Esse cântico é um gentil e amoroso apelo ao pecador para que
se abrigue na arca da Salvação contra o dilúvio das águas do juízo divino
prestes a sobrevir ao mundo perdido: “Ouves, como o Evangelho nos dá vera
salvação e transforma o homem velho numa nova criação?”.
O apelo é seguido do testemunho pessoal do evangelista, que
também alcança o desviado: “Bem algum em mim não via, mas somente corrupção; e
cansado da porfia em Jesus achei perdão. Como a pomba que, cansada, foi na arca
repousar, a minh’alma fatigada em Jesus vai descansar. Mas o corvo foi-se
embora, sobre os mortos foi pousar; isto fazes tu agora? Quererás ao mal
voltar?”.
O lindo testemunho prossegue: “É Jesus a minha arca onde
posso repousar; e dali do mal as marcas nem eu posso avistar! Oh!, quão doce a
chamada que a mim me fez Jesus: ‘Vem, ó alma tão cansada! Vem das trevas para a
luz’”. Repete-se o apelo: “Pecador que estás ouvindo a mensagem do Senhor, tu na
arca és bem-vindo, no refúgio de amor”. O convite termina com uma solene
advertência: “Pois as águas do pecado breve te alcançarão; pela morte
despertado, baterás na porta em vão!”
Além da singeleza do convite baseado no Dilúvio e na arca de
Noé, me impressiona a perfeição da métrica e especialmente da rima. Tomando
como exemplo uma estrofe, a terceira, temos:
“É Jesus a minha arca, onde posso repousar; e dali do mal as
marcas, nem eu posso avistar! Oh! Quão doce a chamada, que a mim me fez Jesus!
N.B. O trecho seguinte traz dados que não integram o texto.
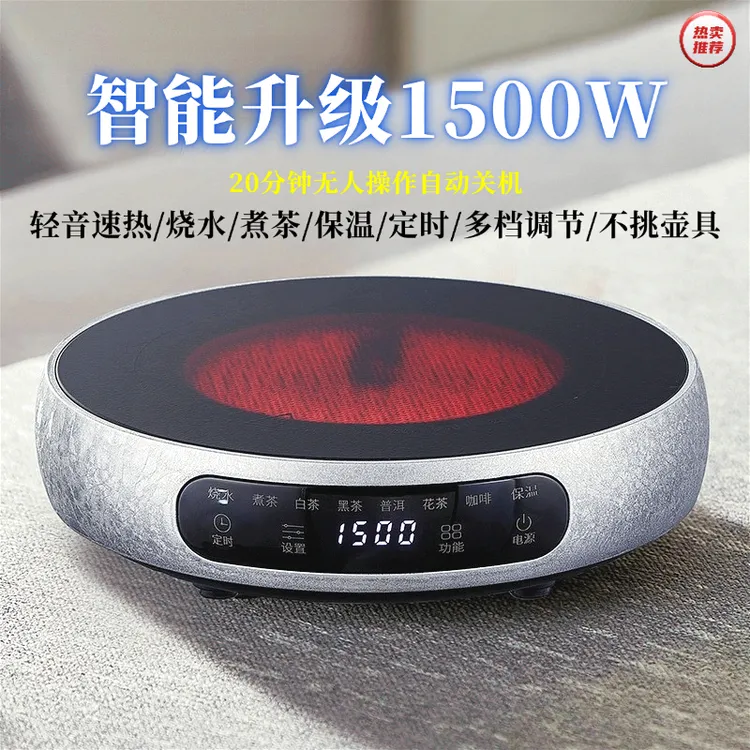 Micur/米厨多功能煮茶电陶炉 2025新款家用迷你保温小型围炉电炉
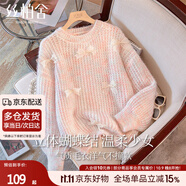 絲柏舍慵懶風(fēng)圓領(lǐng)毛衣2025秋裝新款女裝甜美蝴蝶寬松針織衫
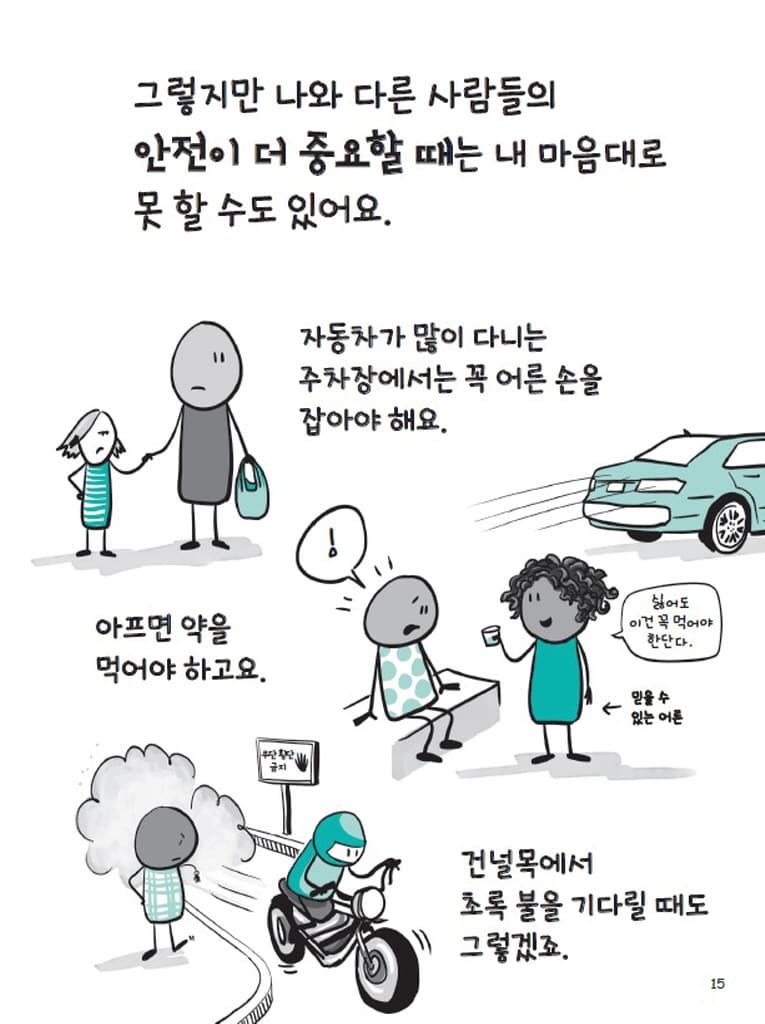 동의 : 너와 나 사이 무엇보다 중요한 것!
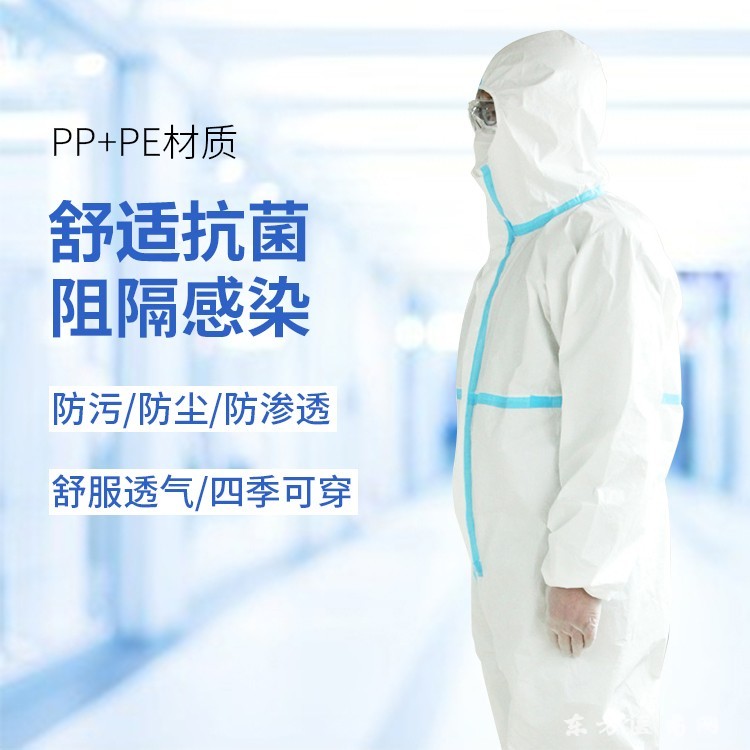 防護服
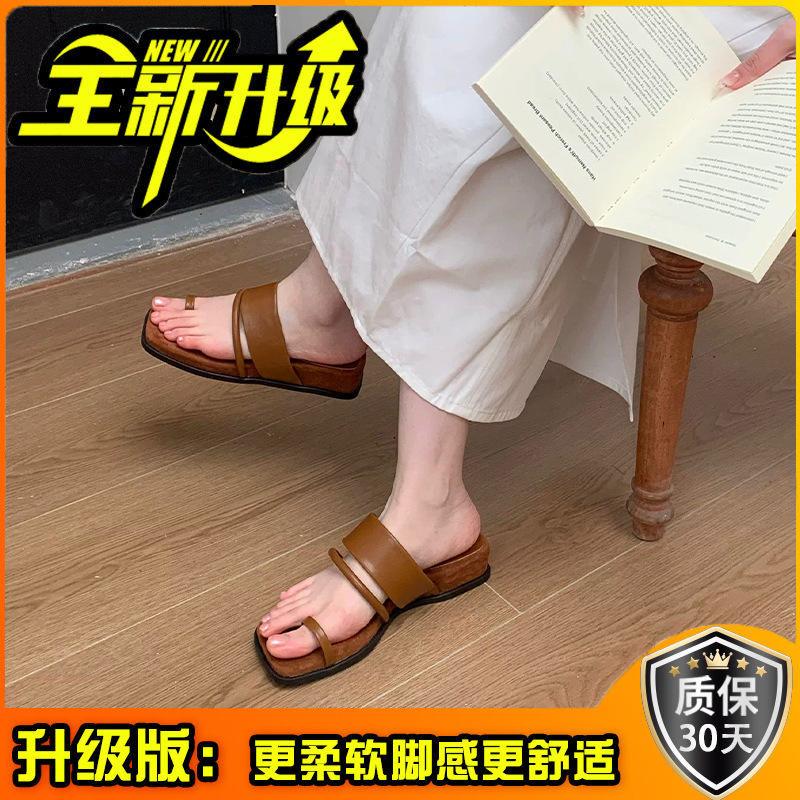 Set of toe casual slope heel cool slippers for summer new retro Korean version square head word beach women flat shoes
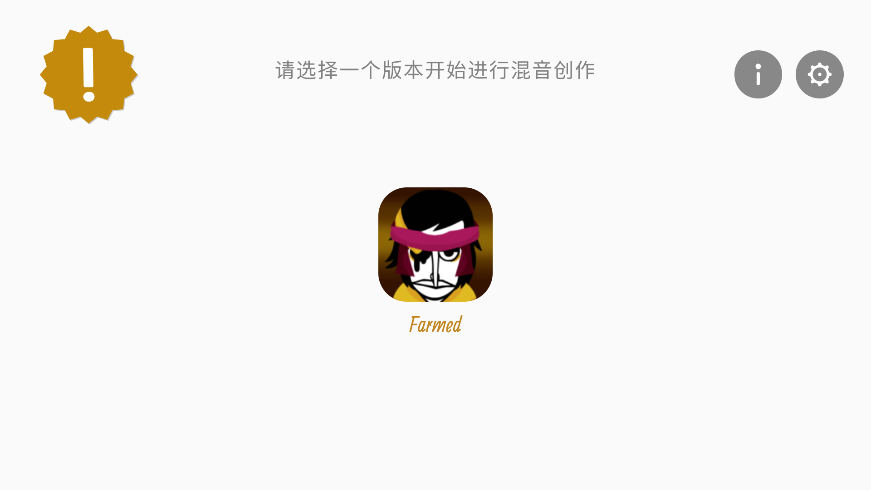 操作技巧1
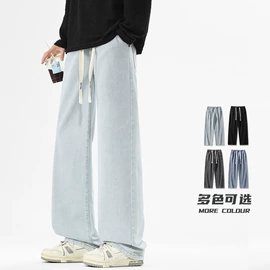 男式休闲裤;男式羽绒服;男式夹克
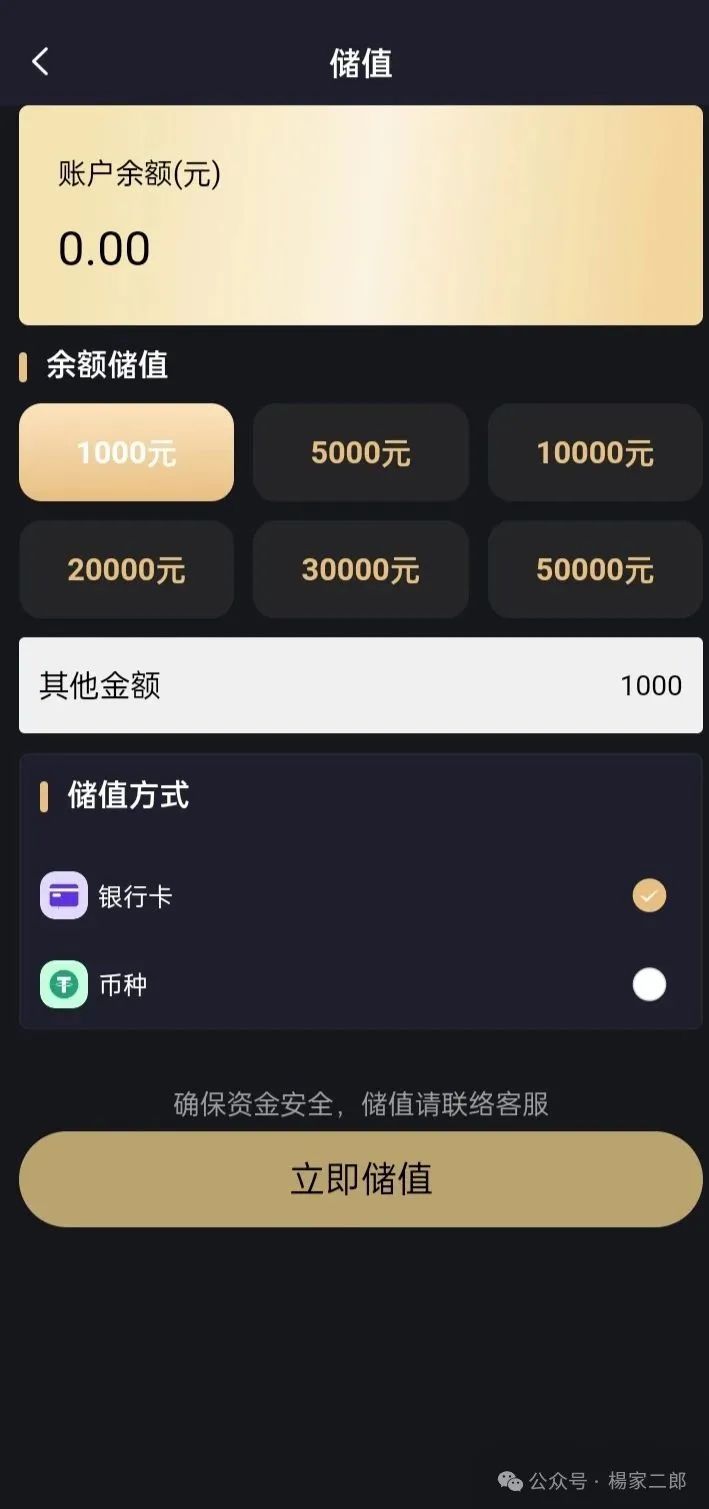 曝光套牌"启明创投"正规公司的分红类资金盘骗局! 曝光套牌"启明创投"正规公司的分红类资金盘骗局!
Vem, ó alma tão cansada, vem das trevas para a luz”.
A última palavra dessa estrofe, “luz”, lembra o sepultamento
do autor, a que estive presente. Era por volta de uma hora da tarde quando nos
reunimos no cemitério ao redor do sepulcro aberto. O azul do céu estava
limpíssimo, e fazia calor. Então surge ao ocidente, na abóboda celeste, uma
pequena nuvem que vem deslizando em nossa direção, e se detém bem debaixo do
astro rei, formando uma linda coroa de luz a projetar a sua sombra sobre nós.
Indescritível o gozo que tomou conta de todos!